Today, I’ve been married to my husband for 12 years. Those years have flown by and I am so grateful that God brought Roger into my life. Each year at this time, I can’t help but think about the story of our lives coming together and how it all played out. I love remembering how God was orchestrating a plan months (probably longer) before the two of us even set eyes on each other. Who knew a few snowflakes in Asheville, NC one April afternoon would guide me to where I needed to be? If you’ve never read that story, you can read it here. It’s basically the story of how my husband and I met. This may seem silly to some but I truly believe God used snowflakes (flakes that fell almost a year prior to our first date) to help bring our stories together.
But to go back to the verse above. This was one of the verses I was clinging to and focusing on 13 years ago prior to meeting Roger. I was in a season of starting over. I had moved to a town (2400 miles away from home) where I knew NO ONE. I was recently divorced. I had fully surrendered an addiction. After a decade of trying to navigate my own life, I was back on the path where I was letting God lead the way again. And, like so many paths God leads us down, it’s sometimes hard to understand the why until we are able to glance in the rear view mirror. Then, we get it. Then, we understand.
It’s only then when snowflakes in April make sense.

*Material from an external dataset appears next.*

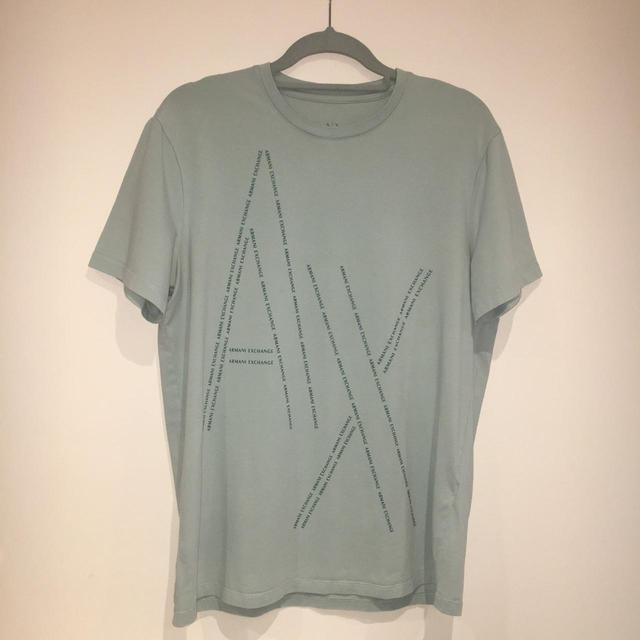 Armani Exchange Men's T-shirt - Green/Blue - XL on Productcaster.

Now, I do know there are times we look in the rear view mirror and God’s plan still seems to lack a good reason. We are hard pressed to find anything good in the plan. I think of horrific pains and losses and my heart comes up empty. It makes no sense, sometimes. But, it is during those time when we must choose to cling to the only plan we can cling to…the plan and the promise of His Presence through it all. The plan that says…“I am with you….even in THIS I am with you.” Sometimes, we look in the rear view mirror and that is the only thing that makes sense. And, over the years, I’ve come to realize that this is the only thing that has to make sense: a BIG GOD walking the dark road with us who is fully capable of loving us, comforting us, and strengthening us through it all.
I don’t know what season you might be walking through today but I do know this: You never have to walk through it alone. Never.
I wrote those words prior to heading to church yesterday. I didn’t post them to my blog. They didn’t feel done yet.
As I stood with the congregation to sing prior to yesterday’s message, one of the songs was “Jesus Paid It All (Oh Praise the One)”
“Jesus paid it all
all to him I owe
sin had left a crimson stain
He washed it white as snow.
He washed it white as snow…
Oh, praise the One who paid my debt and raised this life up from the dead!”
Thank you, Lord, for snow in April. And, thank you, for the never-ending graceflakes that fall on us continually.